Step 2. Move your mouse around and click the left mouse button while looking at console output
UserInputService MouseMovement will say that the Y position of the mouse is 58 studs less than TextButton.MouseButton1Down says it is.
Step 3. Move mouse to top of screen; UserInputService will begin to show negative values as it does not take Core UI insets into account.
(In case anybody wanted to know where the numbers come from.)
I’m curious as to why this is, because it seems quite intentional from what I can tell. Maybe it’s some backwards-compatibility thing?
It definitely looks like it accounts for the Core UI insets, it just seems kind of weird what it’s actually doing with them, since I don’t know what world would want the top of the screen to be Y=-58 and not Y=0.
Roblox should honestly make an opt-in property in the workspace which disables all this inset mess. That means, no more inset with the mouse, AbsolutePosition, ScreenGuis, etc. Would help to make some of my math a bit simplier.
But yeah, this isnt a bug.
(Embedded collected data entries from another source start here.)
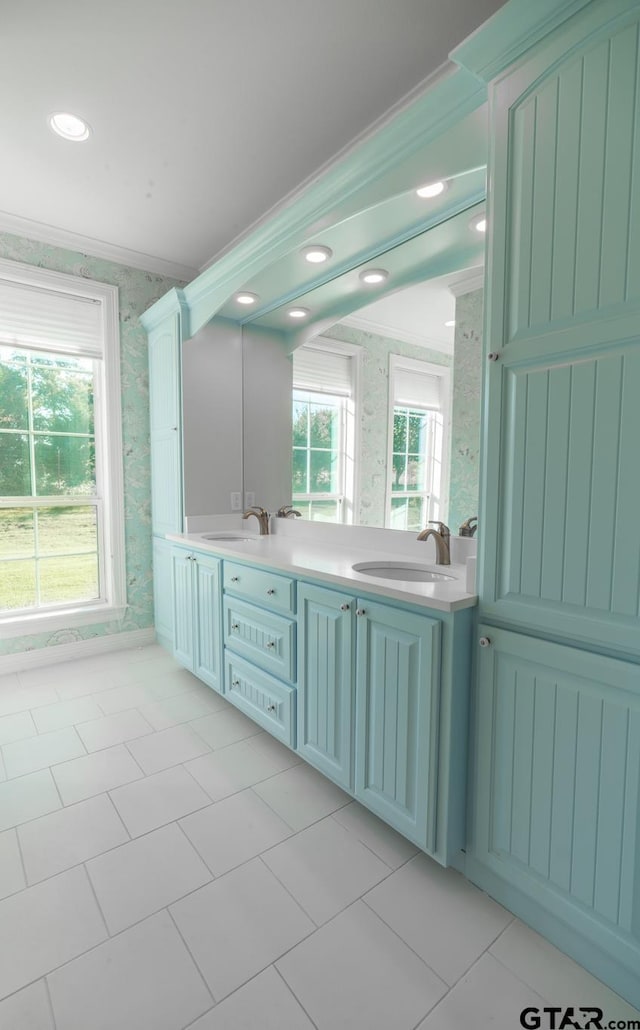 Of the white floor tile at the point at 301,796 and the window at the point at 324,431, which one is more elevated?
the window at the point at 324,431

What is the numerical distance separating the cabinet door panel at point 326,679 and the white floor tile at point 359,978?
0.47m

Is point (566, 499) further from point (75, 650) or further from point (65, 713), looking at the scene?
point (75, 650)

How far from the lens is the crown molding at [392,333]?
1.99 metres

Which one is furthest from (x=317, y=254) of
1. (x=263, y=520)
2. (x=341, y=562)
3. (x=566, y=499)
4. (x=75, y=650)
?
(x=75, y=650)

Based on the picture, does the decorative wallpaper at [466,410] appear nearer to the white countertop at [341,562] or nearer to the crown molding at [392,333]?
the crown molding at [392,333]

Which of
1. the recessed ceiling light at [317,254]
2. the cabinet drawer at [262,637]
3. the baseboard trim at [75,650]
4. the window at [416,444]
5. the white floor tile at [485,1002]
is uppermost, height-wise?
the recessed ceiling light at [317,254]

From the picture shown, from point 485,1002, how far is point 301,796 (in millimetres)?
887

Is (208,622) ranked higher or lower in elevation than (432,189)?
lower

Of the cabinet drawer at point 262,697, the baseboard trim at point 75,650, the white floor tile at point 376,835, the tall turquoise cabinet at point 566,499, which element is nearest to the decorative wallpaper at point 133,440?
the baseboard trim at point 75,650

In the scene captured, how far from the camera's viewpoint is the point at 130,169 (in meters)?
2.39

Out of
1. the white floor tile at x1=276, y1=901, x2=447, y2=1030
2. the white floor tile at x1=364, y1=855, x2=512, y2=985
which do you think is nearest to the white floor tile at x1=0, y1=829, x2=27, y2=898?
the white floor tile at x1=276, y1=901, x2=447, y2=1030

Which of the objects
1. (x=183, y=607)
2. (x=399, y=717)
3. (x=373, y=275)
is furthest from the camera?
(x=183, y=607)

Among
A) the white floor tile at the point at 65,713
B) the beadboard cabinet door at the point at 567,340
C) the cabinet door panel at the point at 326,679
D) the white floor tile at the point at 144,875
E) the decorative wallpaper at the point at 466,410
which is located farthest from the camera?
the white floor tile at the point at 65,713

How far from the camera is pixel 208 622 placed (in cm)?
261
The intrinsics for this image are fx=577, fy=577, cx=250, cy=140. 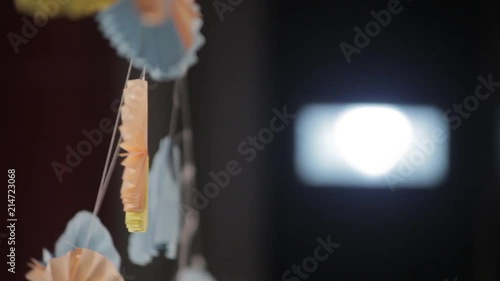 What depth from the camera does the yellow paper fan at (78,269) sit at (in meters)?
1.04

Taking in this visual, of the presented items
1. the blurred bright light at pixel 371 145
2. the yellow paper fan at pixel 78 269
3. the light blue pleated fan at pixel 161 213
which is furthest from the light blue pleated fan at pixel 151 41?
the yellow paper fan at pixel 78 269

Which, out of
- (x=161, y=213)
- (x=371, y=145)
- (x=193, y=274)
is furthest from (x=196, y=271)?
(x=371, y=145)

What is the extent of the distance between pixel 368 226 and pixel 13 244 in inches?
25.0

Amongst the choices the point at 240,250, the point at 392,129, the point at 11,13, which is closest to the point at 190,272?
the point at 240,250

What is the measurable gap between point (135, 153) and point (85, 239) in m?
0.18

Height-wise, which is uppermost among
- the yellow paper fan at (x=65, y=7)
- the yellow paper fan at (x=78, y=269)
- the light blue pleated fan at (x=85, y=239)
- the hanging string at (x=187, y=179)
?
the yellow paper fan at (x=65, y=7)

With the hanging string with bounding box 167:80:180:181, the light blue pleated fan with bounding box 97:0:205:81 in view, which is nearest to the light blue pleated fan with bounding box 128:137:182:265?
the hanging string with bounding box 167:80:180:181

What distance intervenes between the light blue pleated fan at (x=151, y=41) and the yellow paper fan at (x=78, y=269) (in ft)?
1.13

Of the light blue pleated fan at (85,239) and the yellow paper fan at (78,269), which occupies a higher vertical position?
the light blue pleated fan at (85,239)

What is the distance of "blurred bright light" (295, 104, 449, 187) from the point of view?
3.33 feet

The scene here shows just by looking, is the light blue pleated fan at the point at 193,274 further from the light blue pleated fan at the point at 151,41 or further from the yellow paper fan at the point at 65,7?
the yellow paper fan at the point at 65,7

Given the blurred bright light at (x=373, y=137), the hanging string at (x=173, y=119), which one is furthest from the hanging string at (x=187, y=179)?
the blurred bright light at (x=373, y=137)

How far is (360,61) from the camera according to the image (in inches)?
40.2

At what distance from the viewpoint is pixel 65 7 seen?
3.45 ft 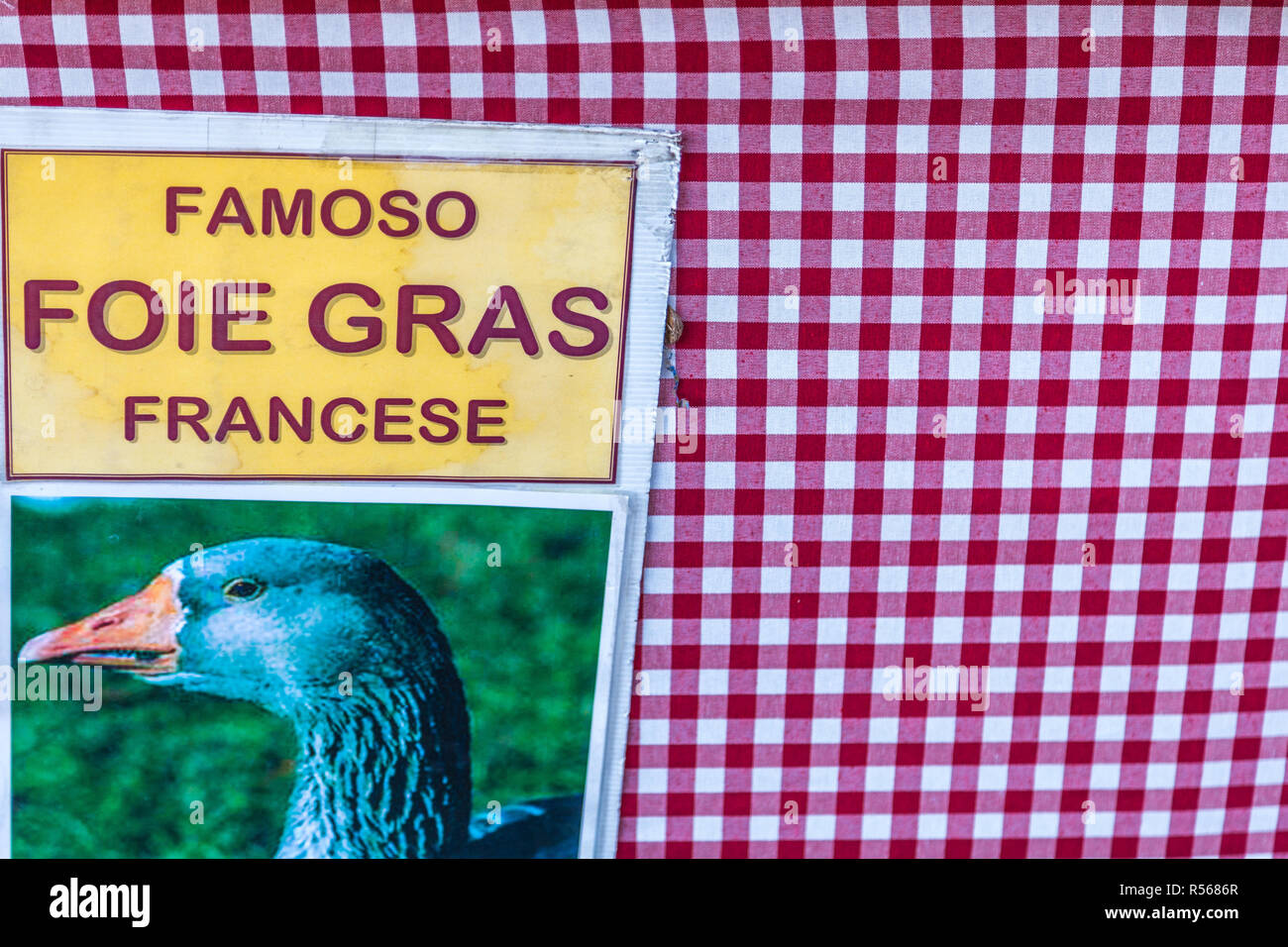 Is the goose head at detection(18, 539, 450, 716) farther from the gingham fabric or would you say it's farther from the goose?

It is intentional to be compatible with old systems.
We currently use 2 different coordinate systems (with different origins) for screen position APIs. Here’s a list of which coordinate system each of these APIs use:
The coordinate system for each viewport has its origin at the top left of the viewport, so you can see that the device safe viewport has a different origin than the Core UI safe viewport.
GuiButton.MouseButton1Down isn’t actually on the list, but it should be under “device safe viewport”. On the other hand, InputObject.Position uses the Core UI viewport. So this explains the discrepancy you noticed between the local positions in each coordinate system.
We unfortunately can’t change the coordinate systems each of these APIs use because we want to preserve backwards-compatibility with existing games.